Select the Test for Difference in Proportions option under Randomization Hypothesis Tests. Click Edit Data and let Group 1 be “Desipramine” and 2 be “Lithium”, enter relapse counts of 10 and 18 and sample sizes of 24. Check that the null hypothesis matches yours in (a). Generate a couple thousand samples. Describe the resulting distribution. Where is it centered?
Click for answer
Answer: The resulting distribution, shown in Figure 1, will be bell-shaped and centered at the value from the null hypothesis, which is zero.
Example 4d
(e) Compute and interpret the p-value for this test.
Click for answer
Answer: This is a left-tail test when computing the difference as D - L, and we see on StatKey that the p-value (proportion of randomization samples with a difference -.333 or smaller) is about 2 (Figure 1). About 2% of the time we would see at least 33% fewer relapse cases using despramine than lithium just due to chance if there was no difference in the relapse rates of the two treatments.
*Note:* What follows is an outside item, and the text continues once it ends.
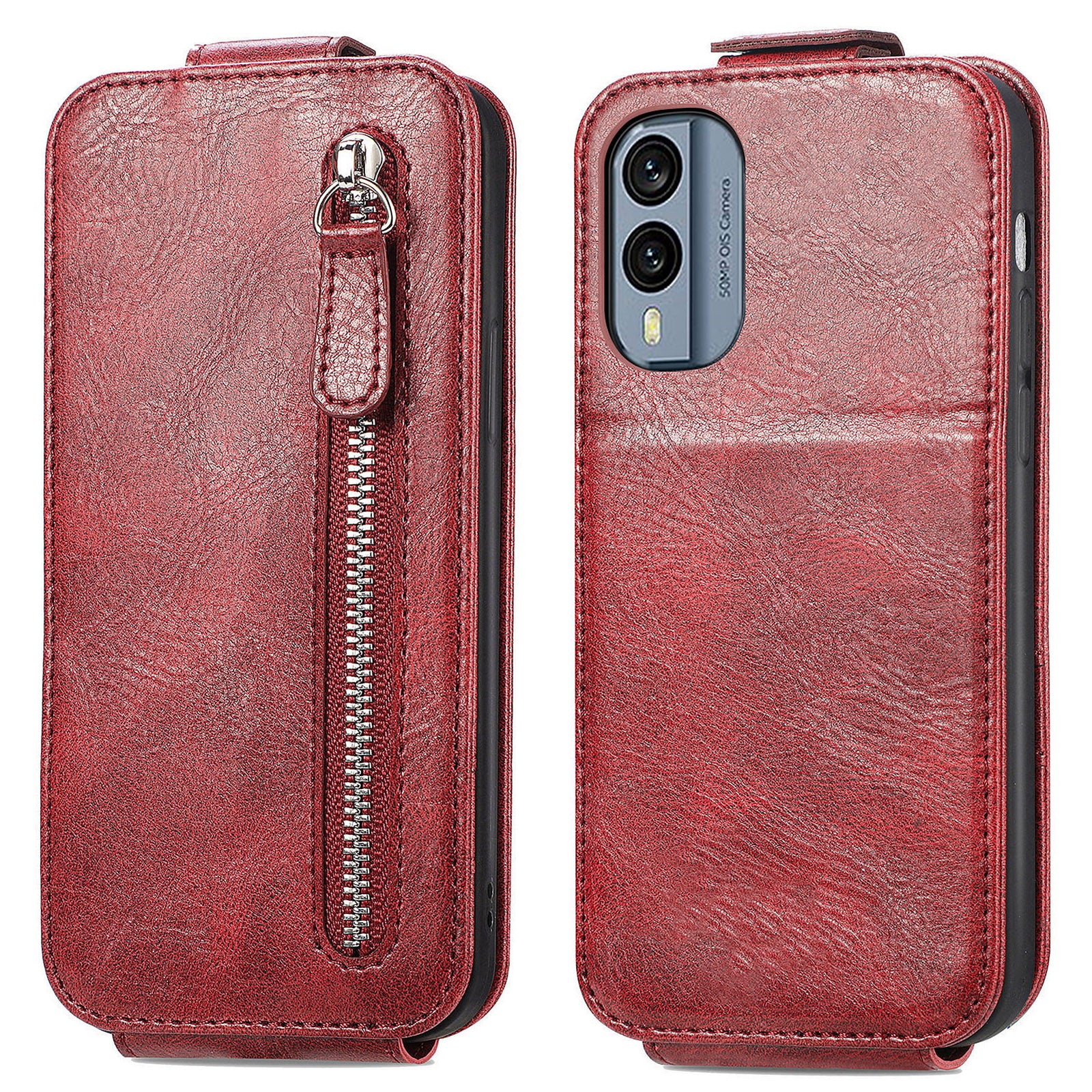 For Nokia X30 5G Vertical Flip Phone Case Zipper Pocket PU Leather Wallet Stand Magnetic Closure Shell Phone Cover For Nokia X30 5G Vertical Flip Phone Case Zipper Pocket PU Leather Wallet Stand Magnetic Closure Shell Phone Cover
Note the two key features of this “in context” interpretation of 2%: it assumes that the null is true (no treatment difference) and it uses the observed statistic (data) used to compute the p-value (rate of despramine relapse is .33 below the rate of lithium).
(f) Make a formal decision (reject or not) using a 5% significance level, then restate your conclusion in context for the problem (do not use words like “reject” or “hypothesis”).
Click for answer
Answer: We reject the null hypothesis since the p-value of 2% is less than 5%. We can conclude that despramine is better at helping people kick the cocaine habit. Note the “in context” conclusion: Just state your conclusion in english, no need to talk about the value of the p-value or “just by chance.”
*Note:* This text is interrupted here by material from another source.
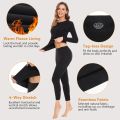Thermal Underwear Set for Women Fleece Lined Base Layer Tops Bottoms Free-cutting Seamless Crew Neck Long Sleeved Long Johns. 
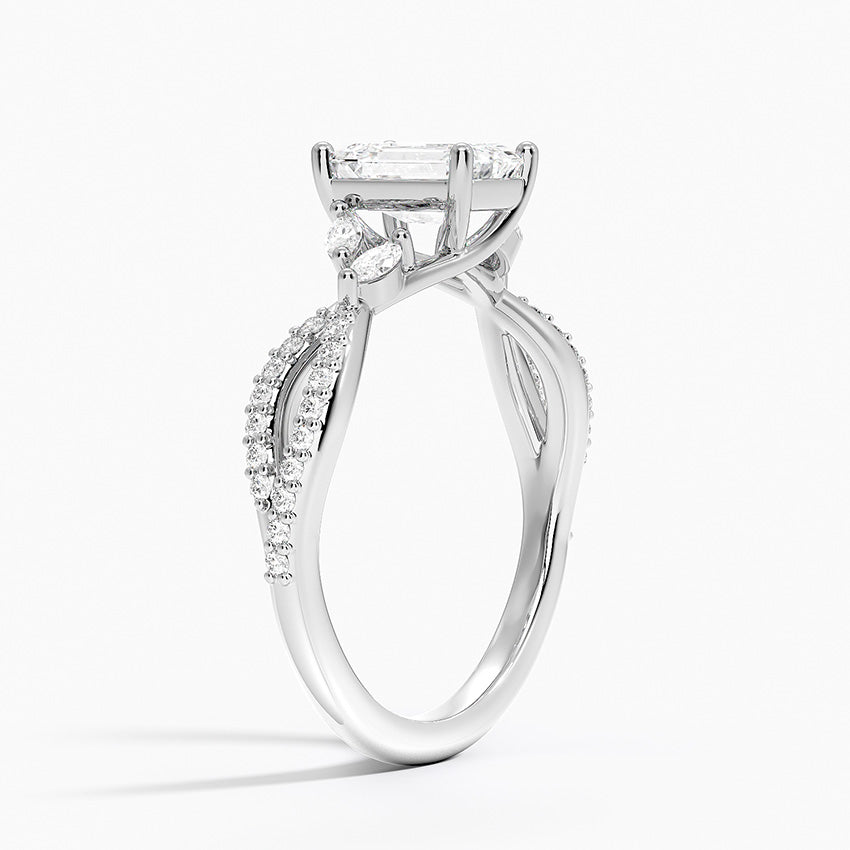 Luxe Willow Diamond Ring (1/4 ct. tw.) Platinum Emerald Engagement Ring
(h) Use Statkey to compute and interpret a 95% bootstrap confidence interval for the difference in the relapse proportion for the two treatments. Explain how this CI agrees with your test conclusion in (f).
Click for answer
Answer: I am 95% confident that the relapse rate for despramine will be between 8.3 to 58.3 percent less than the relapse rate for lithium. This completely agrees with the test conclusion that despramine is a better treatment for cocaine addiction. (Figure 2 shows the bootstrap distribution that is centered at the sample difference of -0.333.)